Évidemment, ceci est une caricature, un raccourci, une simplification, mais j'ai repris l'exemple, car je trouve qu'il aide la démonstration. Je précise que je ne suis pas ici en train de faire un pamphlet pro-indépendance mais que j'essaie d'aider à percevoir - avec maladresse sans doute, mais que voulez-vous, je ne suis pas parfaite - ce que ressentent certains Québécois francophones, que l'on considère leur sentiment justifié ou non.
Bref, je comprends parfaitement que M. Sarcozy soit tout à fait ignorant de cette question, mais ne devrait-il pas éviter de faire étalage de son ignorance? Un peu de dignité, que diable! Et s’il s’agissait là d’une pure provocation (on l’en sait capable), il me semble qu’il eut été de bon ton de ne pas le faire en présence de Jean Charest, le plaçant par là même dans une situation politiquement très délicate. Je vous le dis : l’art de recevoir se perd!

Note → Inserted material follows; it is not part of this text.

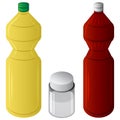 Vector illustration vegetable oil, fish sauce, sugar or salt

(Il eut aussi été de bon ton de penser à tous les expatriés qui allaient immanquablement se faire prendre à parti sur leur lieu de travail, presque comme s’ils étaient personnellement responsables de l’incurie de leur président – pour lequel ils n’ont pas forcément voté en plus!)
Et je ne parle pas de ce député qui a cru bon de demander à Charest s’il avait « la plotte à terre ». Certes, cela partait d’une bonne intention (moi, le ridicule de la chose me fait plutôt rire à vrai dire), mais je comprends que les Québécois puissent se sentir insultés, surtout que l’expression est d’une vulgarité consommée! Je pense qu’il serait grand-temps de donner aux attaché(e)s parlementaires un cours de « Recherche sur Internet pour les nuls ».
Portez-vous bien et humblement!
Aurélie, hi-haaaan.
* D’après ce que l’on m’a dit, les « anglos » ont longtemps occupé la grande majorité des postes à responsabilité au Québec, même si cela change aujourd’hui.